§ STORED DATA
::::

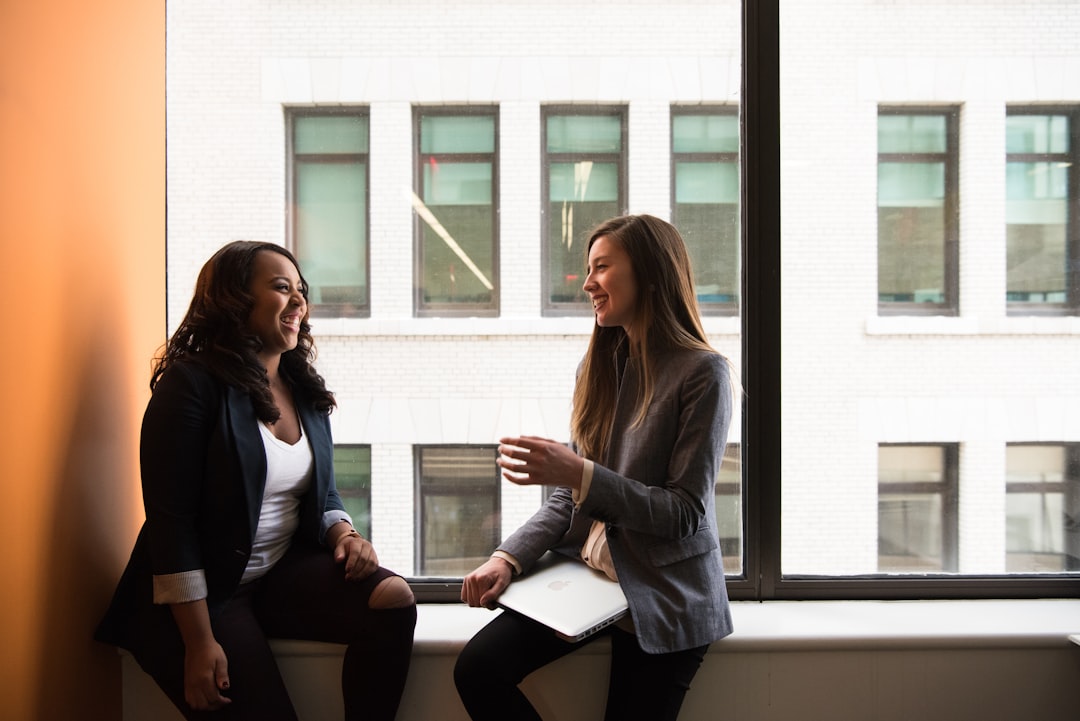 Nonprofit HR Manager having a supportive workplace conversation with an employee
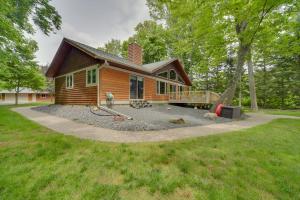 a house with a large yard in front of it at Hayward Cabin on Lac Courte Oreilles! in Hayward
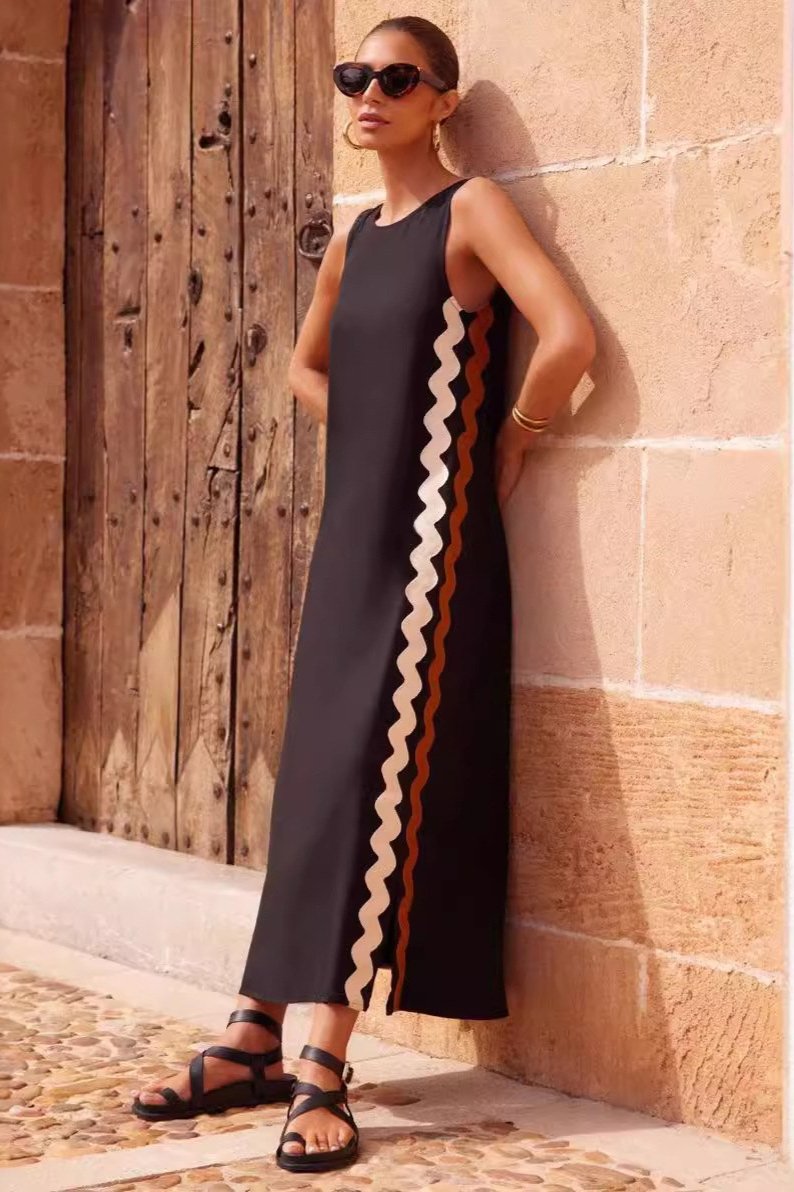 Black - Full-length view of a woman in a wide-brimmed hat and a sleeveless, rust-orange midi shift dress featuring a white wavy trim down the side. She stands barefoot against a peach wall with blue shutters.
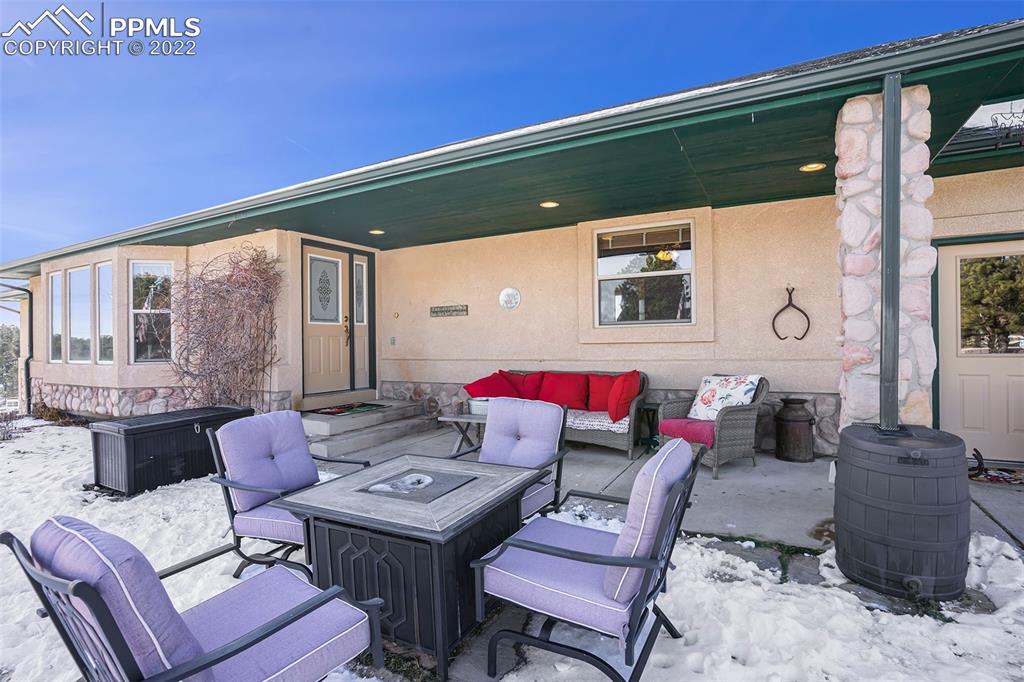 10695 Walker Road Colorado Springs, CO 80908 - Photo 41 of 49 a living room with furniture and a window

::::

Word for word, print the material above, but without its pictures.

 Nonprofit HR Manager having a supportive workplace conversation with an employee
 a house with a large yard in front of it at Hayward Cabin on Lac Courte Oreilles! in Hayward
 Black - Full-length view of a woman in a wide-brimmed hat and a sleeveless, rust-orange midi shift dress featuring a white wavy trim down the side. She stands barefoot against a peach wall with blue shutters.
 10695 Walker Road Colorado Springs, CO 80908 - Photo 41 of 49 a living room with furniture and a window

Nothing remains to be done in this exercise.